BNP Paribas Tax Advantage Fund

BNP Paribas Tax Advantage Fund is managed by Shreyas Divalkar. The scheme aims to generate long-term capital growth from a diversified and actively managed portfolio of equity and equity related securities along with income tax rebate, as may be prevalent from time to time. New investors can skip this fund for a better performing fund in this category. If you have already invested in this scheme keep a close watch on its performance.

Where does BNP Paribas Tax Advantage Fund invest your money?

BNP Paribas Tax Advantage Fund is a midcap oriented tax advantage fund which means your money will be invested stocks of medium and small sized. Large cap companies tend to be stable compared to mid-cap and small cap companies. This fund has 60.84% exposure to large companies, about 18.94% exposure to medium sized companies, and 20.22% exposure to small cap companies.

Suitable for what?
  • Saving on tax outgo
  • Child's education
  • Child's marriage
  • Planning for retirement
  • Home Purchase
Not suitable for what?
  • Creation of wealth
  • Short term needs
  • Lifestyle needs
How has BNP Paribas Tax Advantage Fund performed in the past?

If you had invested Rs 1 lakh when the fund was launched in Jan 2006, your value of investments would be around Rs 1.63 lakhs. If you had invested Rs 1 Lakh for 5 years, your value of investments would be Rs. 1.1 lakhs The performance has not been similar to other midcap funds. It has been giving around 6.99% returns for those who have stayed invested since inception. 

Assume you had invested Rs 10,000 every month in BNP Paribas Tax Advantage Fund through SIP since inception today you would have around Rs 8.14 lakhs.

How will BNP Paribas Tax Advantage Fund perform in the future?

Needless to say no one can predict the future of markets. We have firm belief in the future prospects of the Indian economy. If the Indian economy grows at 9% then the leading companies tend to do well. When the companies do well their stock prices follow their performance. So if you expect the economy to grow at 8% then you can expect top performing mutual funds to give you returns in excess of 14%.
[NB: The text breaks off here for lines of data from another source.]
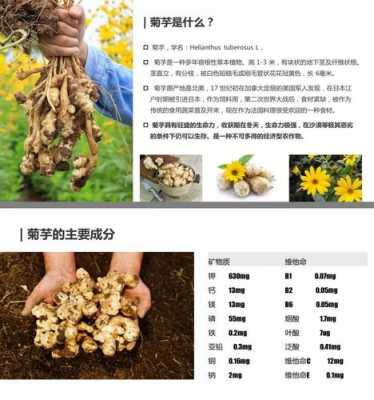 菊粉改善肠胃的过程（菊粉改善肠胃的过程图）-图1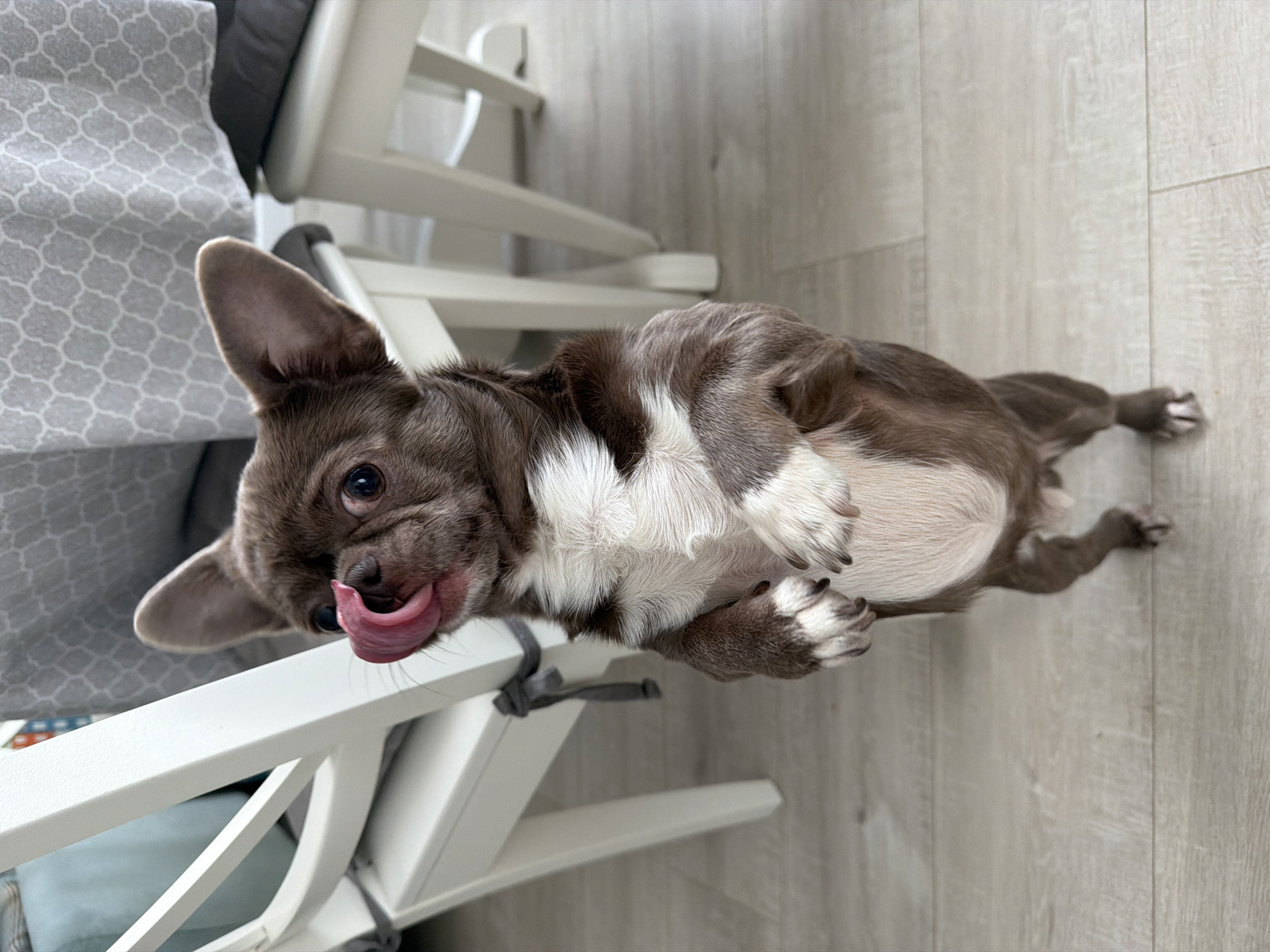 A brown and white Chihuahua dog is lying on its back on a light grey wood floor next to a white chair. The dog is sticking its tongue out. Part of the chair is visible behind the dog, and a cushioned seat is visible behind the chair. The location is unknown and can not be determined from the image.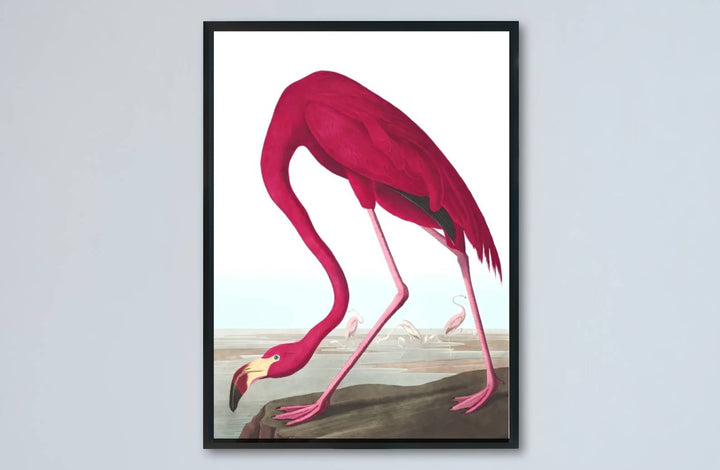 Celebrated for its revolutionary visual vocabulary within international museum permanent holdings, this museum-quality American Flamingo 1838 wall art reproduction invites quiet study. MapYourDreams provides versatile presentation styles, featuring everything from classic unframed paper posters to custom framed selections and rich gallery canvas wraps.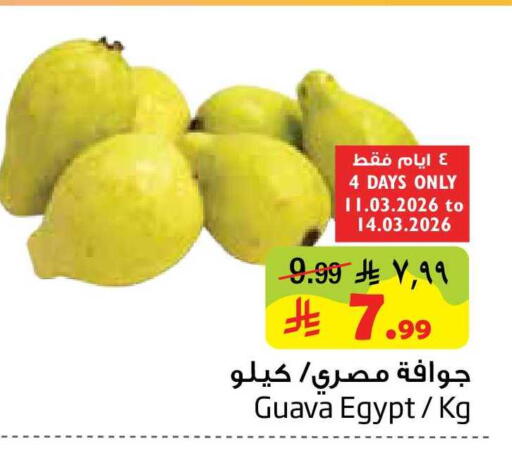 Guava from Egypt available at ليان هايبر in مملكة العربية السعودية, السعودية, سعودية - المنطقة الشرقية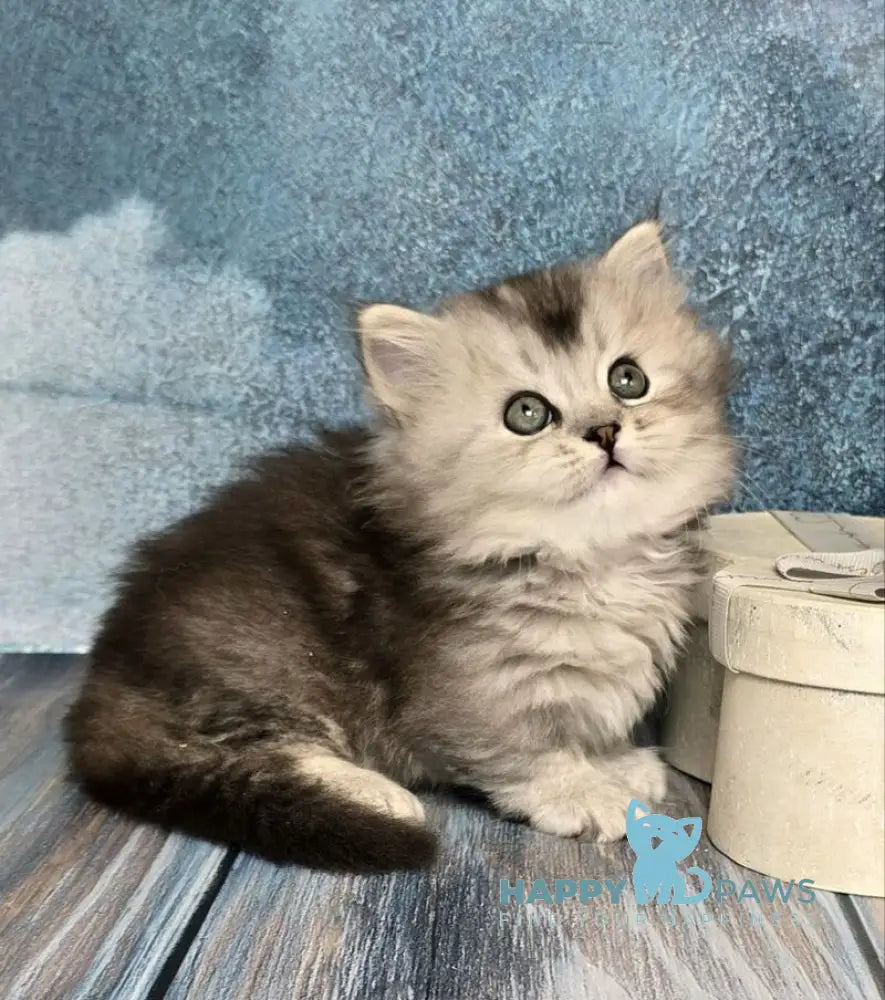 Ravelle Munchkin male black silver ticked tabby live animals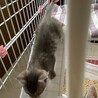 子猫のシオンちゃん サムネイル7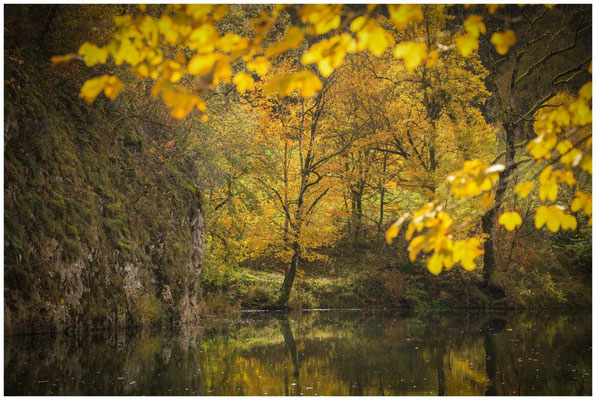 Herbstliche Uferlandschaft Donau 8577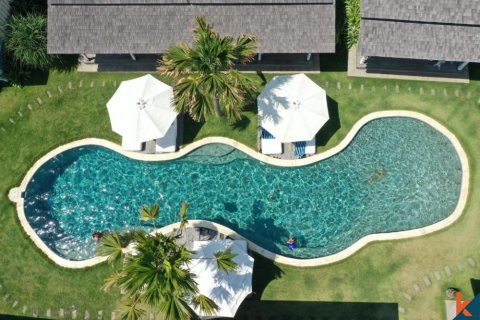 9 bedrooms Villa in Badung, Indonesia No. 11420 12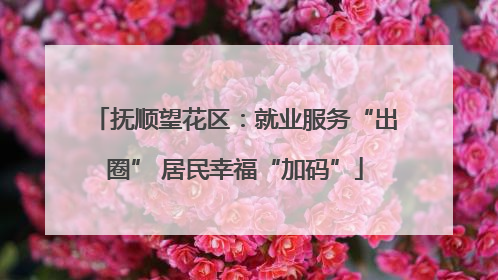 抚顺望花区：就业服务“出圈” 居民幸福“加码”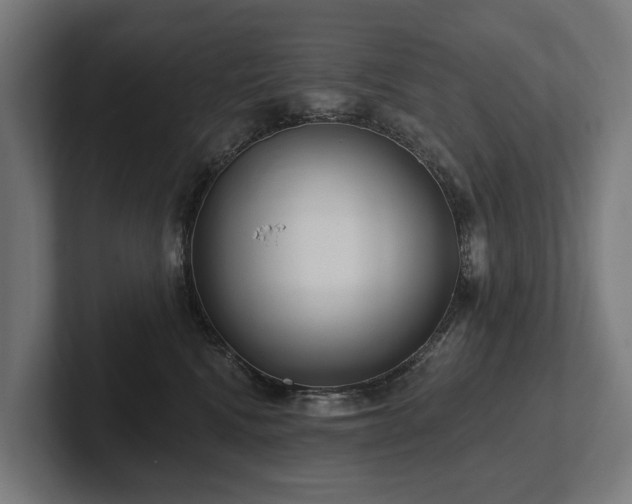 X0000102360472200808011456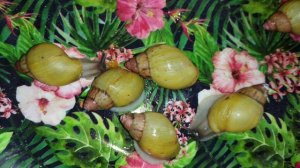 продам улиток, распродажа улиток!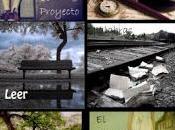 Cinco años Proyecto Escritora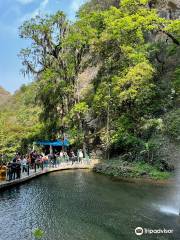 Parque Ecoturístico Cola de Caballo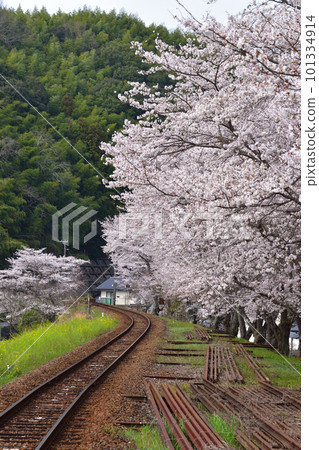 Sakurakei, Nishikigawa Railway, near Seiryu Shin-Iwakuni Station Sakurakei, Nishikigawa Railway, near Seiryu Shin-Iwakuni Station 101334914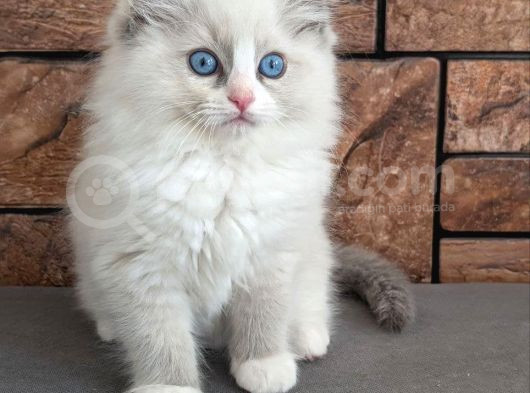 Safkan Mavi Gözlü Ragdoll Yavrumuz görsel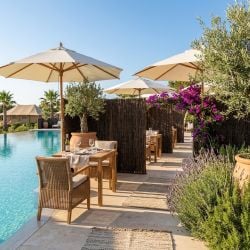 Canisse Bruyère Premium NATURA LOUNGE Haute Densité, Longueur 3m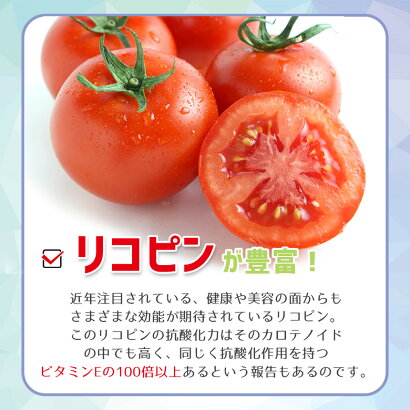 【ご家庭用】トマトチーズ餃子100個入り送料無料タレなし餃子焼餃子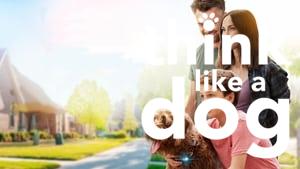 Think Like a Dog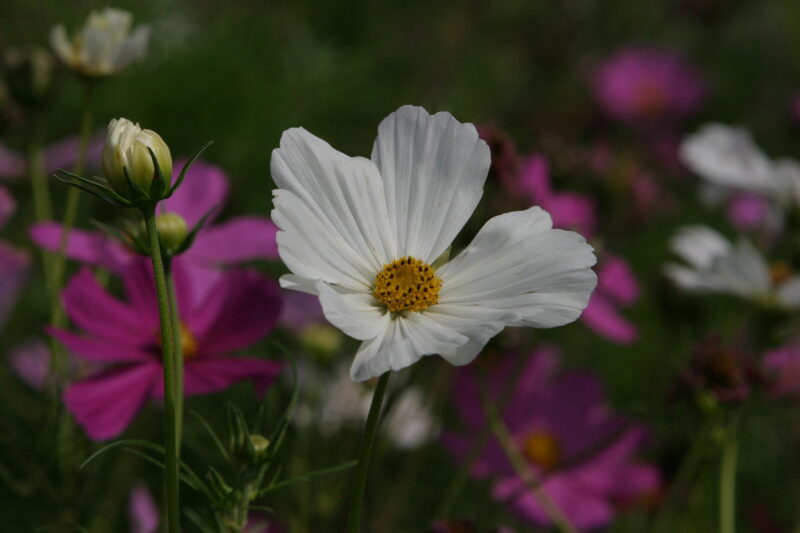 Floweres of the World — Flowers, nature, scenic, flora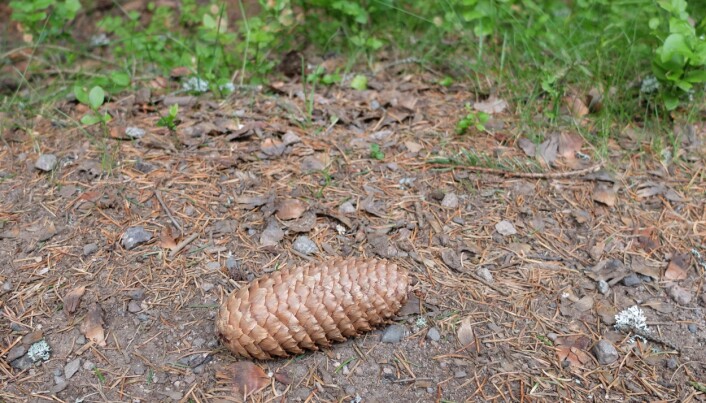 Kongla var fortsatt litt åpen da vi fant den i skogen. (Foto: Eivind Torgersen) Kongla var fortsatt litt åpen da vi fant den i skogen. (Foto: Eivind Torgersen)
Mutual fund schemes that have exposure to mid-sized companies tend to show results when their bet on few companies comes true. We advise you to avoid too much of star gazing and future prediction. Be reminded that equities are one of the asset classes that have the potential to beat inflation. Your aim for core portfolio should be to beat inflation.

Our recommendation for fresh investment
Not Recommended
Our recommendation for existing investment
When to exit?

There is a lock-in period of 3 years on this fund, which means that you cannot sell this fund within 3 years of your purchase date. Withdraw when your goals are closer to achievement. Do not remove the money when the markets go up or down. Do not panic. Stick to your goals.

How frequently you need to monitor the performance?

Once you invest in the fund do not get into the habit of checking the NAV daily or monthly. Review the performance once a quarter. Look out for news and developments that can affect the sector as a whole.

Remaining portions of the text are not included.